# iDVD crashes on startup.



## Howard2k (Feb 9, 2005)

When I try to open iDVD I get the message:

*The application iDVD quit unexpectedly,*

I Relaunch and then Reset and Relaunch and still have the same issue. 

Any suggestions? I tried to remove the com.apple.iApps.plist file. No difference. Any other ideas?

Thanks


----------



## Howard2k (Feb 9, 2005)

I did try this BTW:
iDVD '08: The application may unexpectedly quit when opened for the first time


----------



## BikerRob (Sep 19, 2007)

I had this happen to me ... I had manually deleted a project and anytime I tried to open it after that, it crashed. Seemed it was trying to load the project. 
The way I worked around it was to open iMovie and "export to iDVD" a blank file. That opened iDVD and then I closed the project and it worked fine after that.


----------



## Howard2k (Feb 9, 2005)

Thanks.

Maybe this is a dumb question, but how do I export to iDVD? I created a short clip in iMovie and I can export it, but I don't see a way to export to iDVD?


----------



## BikerRob (Sep 19, 2007)

You know what, I think that was a feature with iMovie HD ('06) and not the new iMovie '08 ... I might be wrong ...


----------



## Dark_Davy (Mar 3, 2006)

If you don't care about the project you can delete it from auto loading into iDVD. Also you can try and delete the current themes loading with iDVD by going to your Home directory go to Library -> Application Support-> iDVD-> Installed Themes-> iDVD (which ever version number). It contains the themes from the last project (which it auto loads just like iWeb) You can try deleting those and it should start up with a clean slate (ie. New project, Open existing etc prompt)


----------



## Howard2k (Feb 9, 2005)

Thanks. Did that - got rid of the installed themes and still no dice... I don't have an active project, I haven't been able to open it. 

Thanks though.


----------



## Dark_Davy (Mar 3, 2006)

I have seen it before where iWeb would crash on startup due to .mac membership having incorrect credentials. (Fixed by removing .mac membership in System Prefs) I don't know if iDVD has this tie in. Only other thing would be if you can paste the some of the crash report log up, we might be able to see something responsible.


----------



## Howard2k (Feb 9, 2005)

Thanks. I don't use .mac so I'll nuke that and if that doesn't work I'll paste some of the crash report.

I did try running it from another account and that produced the same result. So I guess it's nothing profile specific.

EDIT: My .Mac stuff in System Preferences is empty.


----------



## Dark_Davy (Mar 3, 2006)

Just to get some more background.
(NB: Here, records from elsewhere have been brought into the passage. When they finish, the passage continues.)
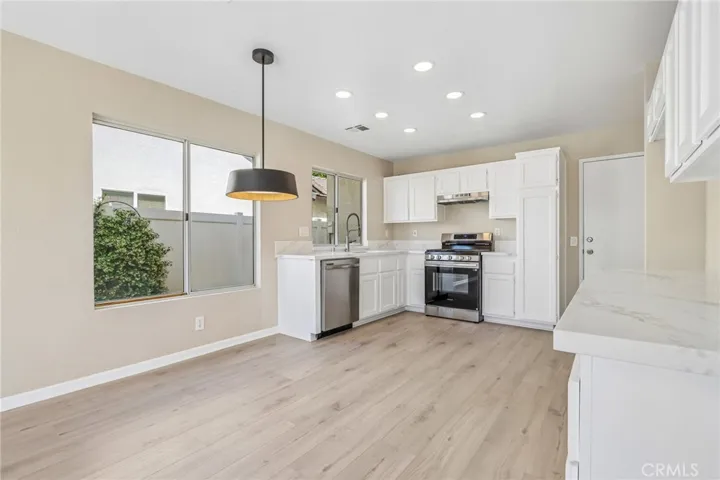 1131 Autumnwood, Perris, California 92571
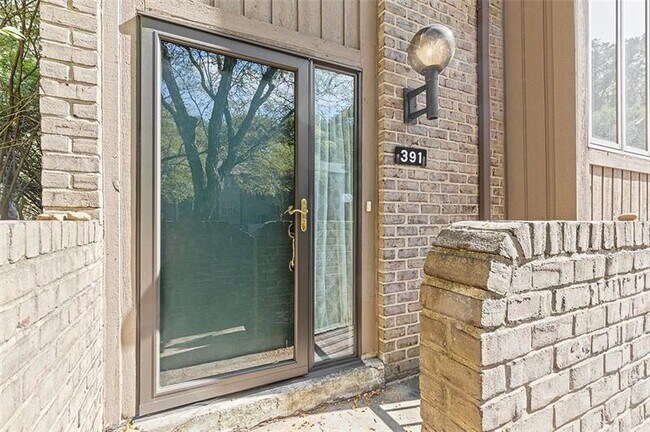 Foto del edificio - 391 Hemlock Ct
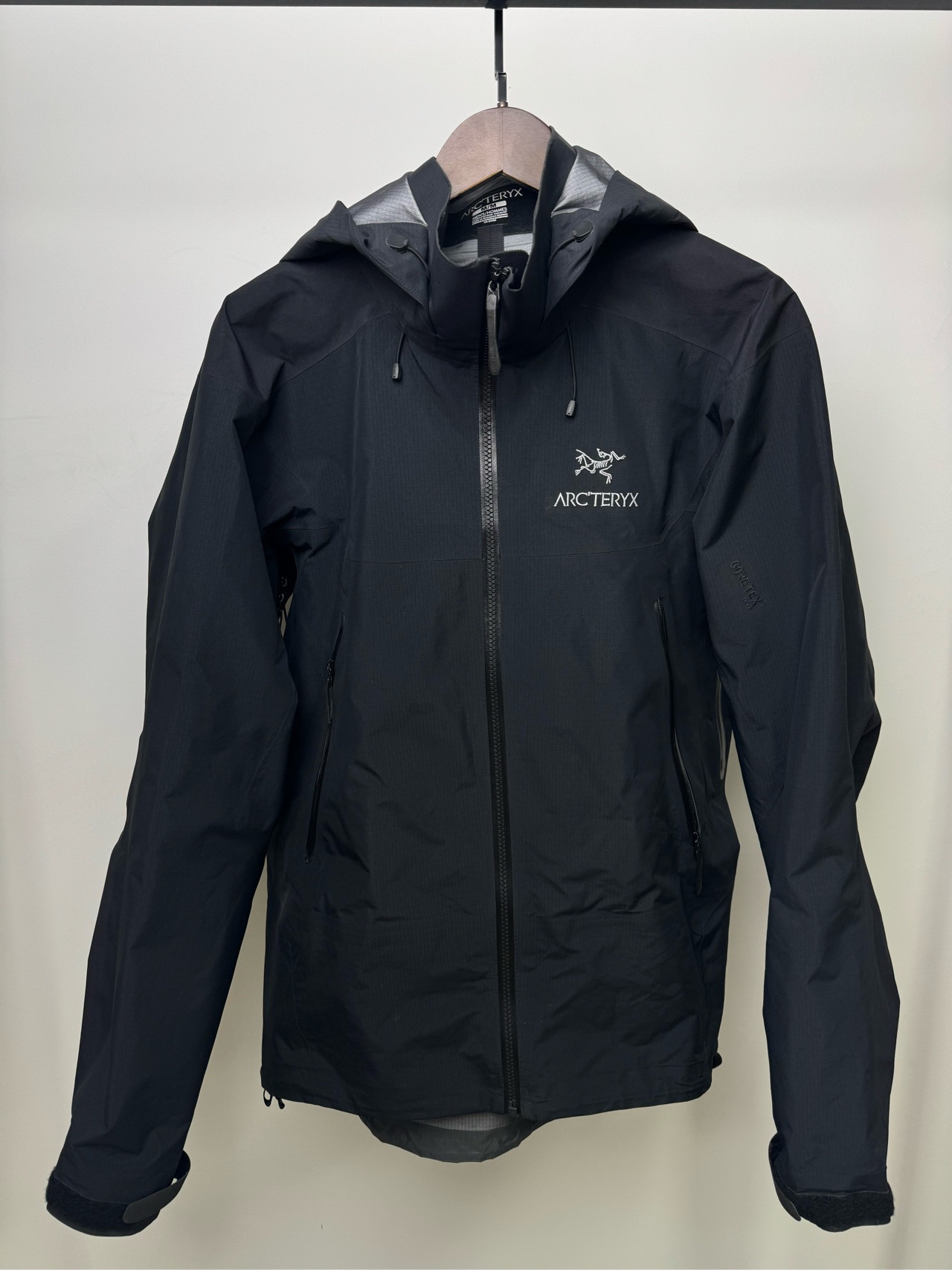 99新 ARC'TERYX/始祖鸟 硬壳冲锋衣/M码/02141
Did you upgrade you computer to leopard? Do you have an 3rd party themes installed? Have you ever started it successfully?

-Davy


----------



## Howard2k (Feb 9, 2005)

Nope, never used it on this computer so no themes. 
Yep upgraded from Tiger.

I just removed a few other files and am reinstalling iLife. Thanks for all the help, really appreciated. I'll let you know how I get on.


----------



## Dark_Davy (Mar 3, 2006)

Great, I was just gonna suggest removing some files and using pacifist to reinstall just iDVD. I know from a reliable source that there has been tons of issues with iDVD in the '08 version. Mostly to do with the app not fully installing itself within the system.


----------



## Howard2k (Feb 9, 2005)

ok all working!! 

Used this app:
Apple - Downloads - System/Disk Utilities - AppDelete

from this thread here:
Apple - Support - Discussions - Cannot start iDVD ...


So all working. Thanks for your help Davy!


----------